A warring couple behind the bar top-and-tail the play - there's a secret behind their hostility that's progressively revealed. Mainly it's a snapshot of the pub's clientele - given words, or rather oratory, by outstanding playwright Jim Cartwright to express the depth of their emotions. It's not really a play perhaps - more a collection of monologues and life-fragments. What brings it to life in bright colour are the blissful performances of two outstanding actors.

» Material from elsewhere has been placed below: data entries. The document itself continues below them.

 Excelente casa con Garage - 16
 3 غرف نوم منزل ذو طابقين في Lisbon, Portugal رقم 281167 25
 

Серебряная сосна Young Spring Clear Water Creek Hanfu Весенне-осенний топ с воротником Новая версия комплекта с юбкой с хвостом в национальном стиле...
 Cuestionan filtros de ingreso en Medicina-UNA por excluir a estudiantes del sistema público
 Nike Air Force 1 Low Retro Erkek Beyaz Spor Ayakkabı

The ready picture of a pub landlady might be someone sharp-witted, full-breasted, well-proportioned, not often short of a reply. Hannah Dee brings all these qualities and more to her remarkable characterisation. And as an old lady in headscarf, snatching a brief interlude from her dependent-invalid spouse - and fantasising about the butcher - she finds a true poignancy among Jim Cartwright's sometimes over-elaborate language.

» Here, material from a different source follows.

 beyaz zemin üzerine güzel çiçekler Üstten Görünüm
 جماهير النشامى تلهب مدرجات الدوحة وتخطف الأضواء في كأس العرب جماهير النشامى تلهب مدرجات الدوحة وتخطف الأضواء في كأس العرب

The landlord is a harrassed man, resisting the temptation of alcoholism and existing at the surface of his troubled emotions. Ritchie Zealand delivers him with perceptive and moving understanding. His characterisations of the male clientele, in particular his silent old man, glowing inwardly with thoughts of his loved and dead wife ('They think I'm quiet. There's a reason. I'm having a very good time within'), shimmer with subtlety.
A lively bunch of customers pepper the script. There's gold-chained Lothario Moth, with girl-friend Maude in hot pursuit. There's a Scottish woman with a fantasy - 'I love big men' - and her little weedy husband: it's a sketch that subtly and unexpectedly turns itself inside-out. Smelly Jimmy torches the conflict between landlord and landlady by an ill-chosen remark. A cruel man and his submissive woman offer a study in paranoia. A fat couple of nerds reflect on their fatness, and white Palomino horses - a sketch with sharp depth that's a revelation of private happiness. A mistress in red scarf reveals her hidden life: 'that's how it is, in flick and shadow land.' A little boy looking for his dad punctures the internal silence of the pub's warring couple.

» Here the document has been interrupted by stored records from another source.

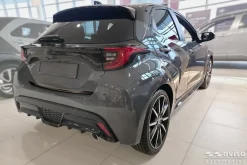 Dekorlist baklucka Toyota Yaris IV 5D 2020– Blank Svart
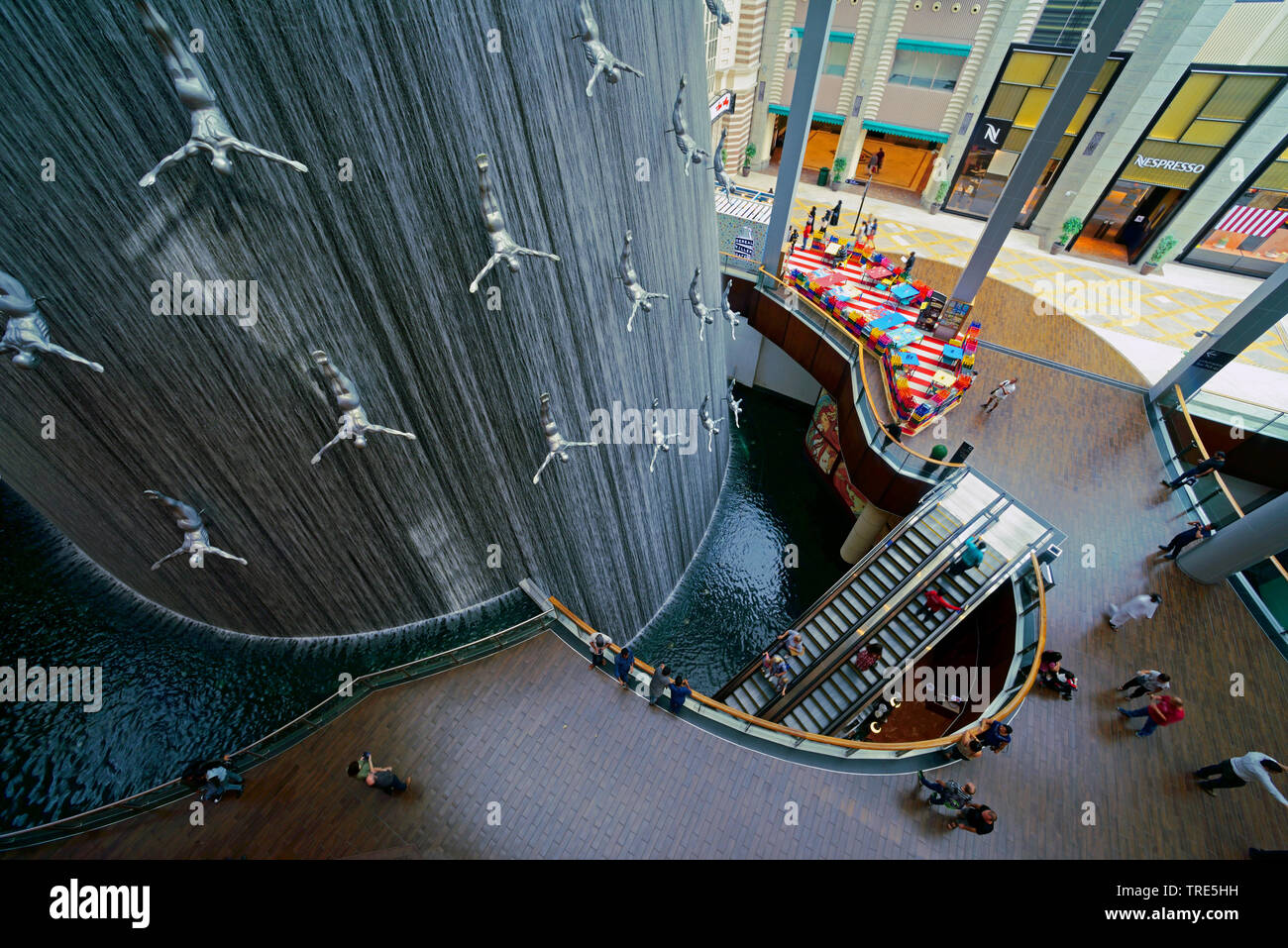 Wasser fallen der Pearl Fishers im Einkaufszentrum Dubai Mall, Vereinigte Arabische Emirate, Dubai Stockfoto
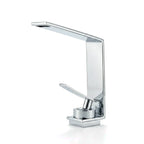 Torneira LuxStream monocomando cascata para banheiro acabamento cromado, foto de catálogo em fundo branco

Hannah Dee & Ritchie Zealand worked together in Ray Gardner's remarkable drama Mrs Lemon's Lodger, which received FR Awards 04 - Best Play. The strength of Two is their inspirational synergy. It's a rare combination of two actors able to evoke a string of complex single characterisations with heart-moving conviction, and to combine and play off each other for the couples in a way that's wholly persuasive, and exceptionally moving.
Cast Credits (alpha order): Hannah Dee (Landlady, Old Woman, Maudie, Mrs Iger, Lesley, Alice, Woman). Ritchie Zealand (Landlord, Old Man, Moth, Mr Iger, Roy, Fred, Little Boy)
Company Credits: Writer - Jim Cartwright. Director - Gary Sefton. Design - Caroline Reid. Lighting - David Wolstenholme. Stage Manager - Alexis Pickering. Public Relations - Paul Sullivan. Copyright Agent - AJ Associates Ltd. Company - Moonface Productions. Thanks to: Paul Sullivan, Zena Barrie, Michelle Flower, Jake Savage, JoAnne Good, Itso Kay Co, Francesca Buttoni, Pelican Flooring, Claire Bailey, Andrea Harris, Nicola Cussons.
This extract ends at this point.